Fil. 2, 5-11
Sal. 21
Lc. 14, 15-24
Quería fijarme en dos cosas hoy de la Palabra de Dios que se nos ha proclamado. Por una parte ese hermoso texto de la carta a los Filipenses, y también en el evangelio, aunque tantas veces lo hemos reflexionado. Pero siempre la Palabra que se nos proclama es para nosotros una Buena Noticia, y tiene entonces la novedad de algo vivo y lleno de vida para nosotros.
‘Tened entre vosotros los sentimientos propios de una vida en Cristo Jesús’, así nos ha dicho san Pablo en la carta a los Filipenses. Es nuestra configuración con Cristo. Nuestro vivir ha de ser vivir a Cristo. Asemejarnos totalmente a El. El nos hace partícipes de su vida. Y eso tendrá que reflejarse en nuestro vivir, en nuestras actitudes, en todo nuestro ser.

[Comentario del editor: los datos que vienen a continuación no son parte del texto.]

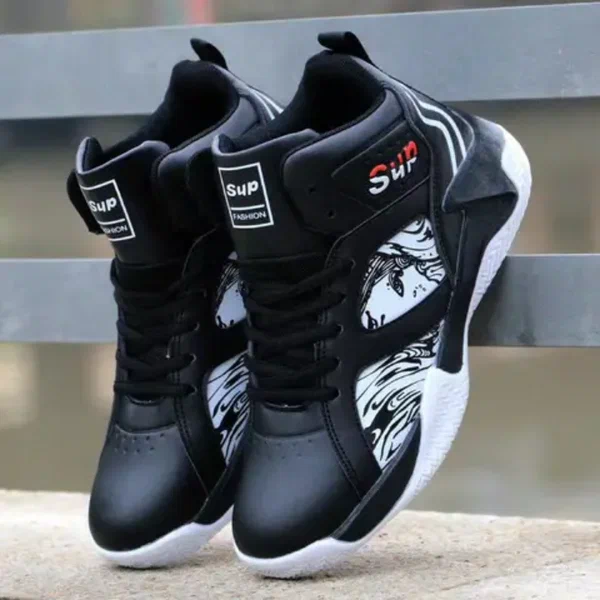 Baskets mode noires sport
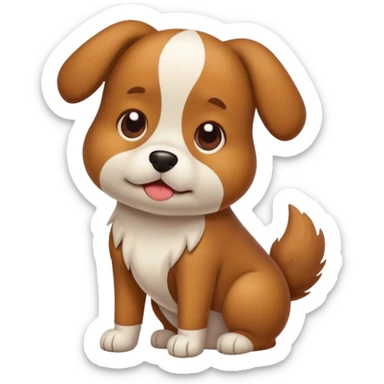 Dog pooping sticker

Pero fijémonos en cuáles son esos sentimientos a los que hoy quiere referirse el apóstol. Podemos hablar de su humildad, de su entrega total, de su amor sin fin, del sacrificio de su vida hasta la muerte.
Comienza diciéndonos que ‘El, a pesar de su condición divina, no hizo alarde de su categoría de Dios, al contrario, se despojó de su rango, y tomó la condición de esclavo pasando por uno de tantos’. Ayer escuchábamos que nos decía ‘dejaos guiar por la humildad’. Tantas veces le hemos escuchado a Jesús hablarnos de los humildes y los sencillos, porque es a ellos a los que se les revela el misterio de Dios. Y María en su cántico proclama cómo ‘Dios derriba del trono a los poderosos y enaltece a los humildes’, recordándonos lo que tantas veces nos dice Jesús en el Evangelio de que ‘el que se enaltece será humillado, y el que se humilla, enaltecido’. Y nosotros mientras tanto haciendo galas de lo que somos o tenemos. Y ¿qué es lo que somos? ¿cuánto vale lo que tenemos?

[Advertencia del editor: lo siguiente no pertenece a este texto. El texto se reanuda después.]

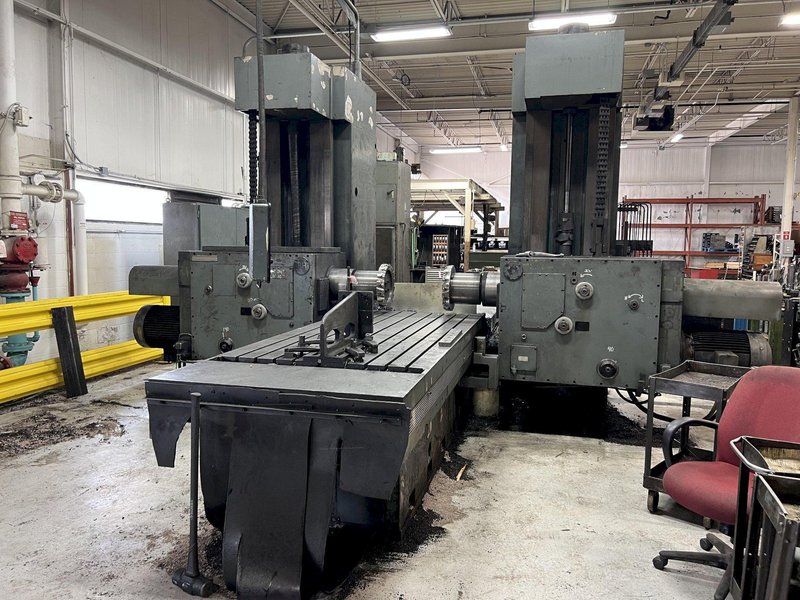 50 HP FRITZ WERNER  DOUBLE SIDED MODEL #FP7V2 HEAVY DUTY DUPLEX MILL/MILLING MACHINE. STOCK # 0309623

Y continúa diciéndonos el apóstol. ‘Actuando como un hombre cualquiera, se rebajó hasta someterse incluso a la muerte y una muerte de Cruz’. Es la señal de la entrega y del amor. Es el sacrificio de su vida para nuestra salvación. Podríamos pensar que para salvarnos no era necesario ese sacrificio, ese tipo de muerte, porque cualquiera de los actos de Cristo, por ser el Hijo de Dios, tenían valor infinito. Pero así quiso mostrarnos su amor. Porque ese es el más grande amor. El amor del que da la vida por aquel a quien ama. Un camino para nuestro amor, cuando nosotros a la hora de dar, pensamos más en dar cosas y con medidas limitadas – por si acaso nos falte – que en darnos nosotros mismos. Es el ejemplo de Jesús. Es el camino a seguir.

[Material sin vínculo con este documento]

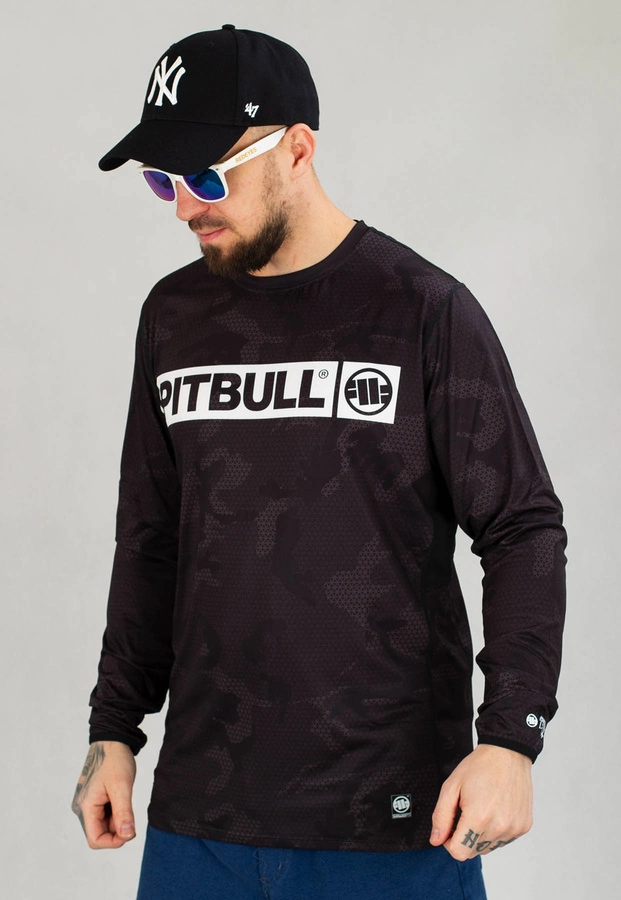 Longsleeve Pit Bull Sportowy Mesh Net Camo Hilltop 2 czarny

‘Por eso Dios lo levantó sobre todo, termina diciéndonos Pablo, y le concedió el nombre sobre todo nombre, de modo que al nombre de Jesús toda rodilla se doble... y toda lengua proclame: Jesucristo es Señor, para gloria de Dios Padre’. Es el Señor. Como diría Pedro en el discurso de Pentecostés: ‘Dios lo constituyó Señor y Mesías... resucitándolo y rompiendo las ataduras de la muerte’. Es la Pascua. Es la muerte de Jesús en su entrega de amor, pero es su Resurrección porque es el Señor. Y es el misterio de Cristo que nosotros hemos de vivir en nuestra vida. Es cómo tenemos que configurarnos con El, teniendo sus mismos sentimientos, teniendo su misma vida. Y del evangelio, finalmente, una palabra. Alguien exclamó, dice el Evangelista: ‘¡Dichoso el que coma en el banquete del Reino de Dios!’ Comer, sí, en el banquete del Reino de Dios, al que todos estamos invitados. A continuación Jesús propone la parábola del ‘hombre que daba un banquete y convidó a mucha gente...’ Y al terminar la parábola Jesús dirá que ‘el amo dijo: sal por los caminos y senderos, e insísteles hasta que entren y se me llene la casa’. Todos estamos invitados a ese banquete del Reino de los cielos. Respondamos a esa invitación del Señor. No nos busquemos disculpas para rehuir la invitación.